Рожденная на финише второго тысячелетия неравновесная, эклектичная и в значительной мере космополитичная конструкция глобального сообщества есть, таким образом, продукт постмодернизационных усилий и совместного творчества всех актуальных персонажей современного мира. Произошла фактически плавная смена мирового этоса. Культурно-исторический геном эпохи социального Постмодерна утверждает сейчас на планете собственный исторический ландшафт, политико-правовые и социально-экономические реалии которого заметно отличны от аналогичных институтов общества Модерна. Постмодернизационный синтез (объединяющий на новой основе мировой Север с мировым Югом) выводит прежние "большие смыслы" — в виде ли развернутых политических, или идеологических конструкций — за пределы актуального исторического контекста. Несостоявшееся социальное единение планеты на практике замещается ее хозяйственной унификацией.
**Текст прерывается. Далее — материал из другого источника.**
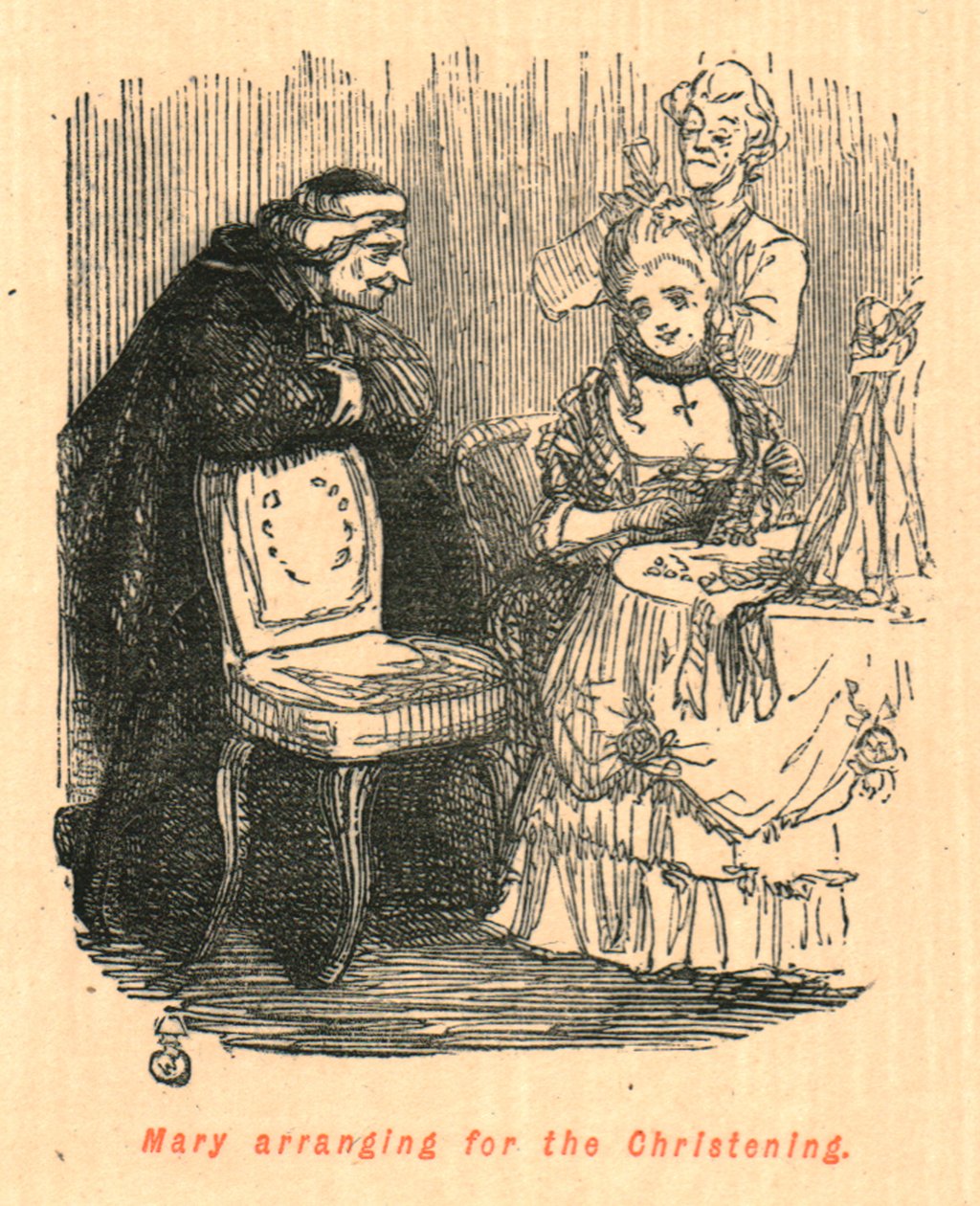Maria regelt de doop, 1897 door John Leech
А место мирового правительства, действующего на основе объединения наций, фактически занимает безликая (или просто анонимная) экономическая власть.
Сегодня в лоне глобального сообщества происходит, судя по всему, вызревание вполне определенного мироустройства — наднационального неоэкономического континуума, объединяющего на основе универсального языка прагматики светские и посттрадиционные культуры различных регионов планеты.
Наконец, в-третьих, все более заметны признаки демодернизации отдельных частей человеческого сообщества, пробуждения комплексных процессов социальной и культурной инверсии, ставящих под сомнение сам принцип нового мирового порядка, формируя тем самым своеобразную обратную историческую перспективу постглобализма — подвижный и зыбкий контур новой мировой анархии. Так, мы наблюдаем разнообразные, хотя и не всегда внятные признаки социальной деконструкции и культурной энтропии в рамках мирового Севера. Под внешне цивилизованной оболочкой здесь в ряде случаев утверждаются паразитарные механизмы, противоречащие самому духу эпохи Нового времени, рождая соответствующие масштабные стратегии и технологии, например, — в валютно-финансовой сфере.
Параллельно механизмы цивилизационной коррупции — в сущности, той же природы — шаг за шагом разъедают упорядоченный социальный контекст как в кризисных районах посткоммунистического мира, так и мирового Юга. В результате на планете возникает непростой феномен Глубокого Юга, объединяющий в единое целое и трансрегиональную неокриминальную индустрию, и "трофейную экономику" новых независимых государств, и тревожные признаки прямого очагового распада цивилизации (ярким примером чему могут служить Афганистан, Чечня, Таджикистан, некоторые африканские территории, разнообразные "золотые земли" и т. д.).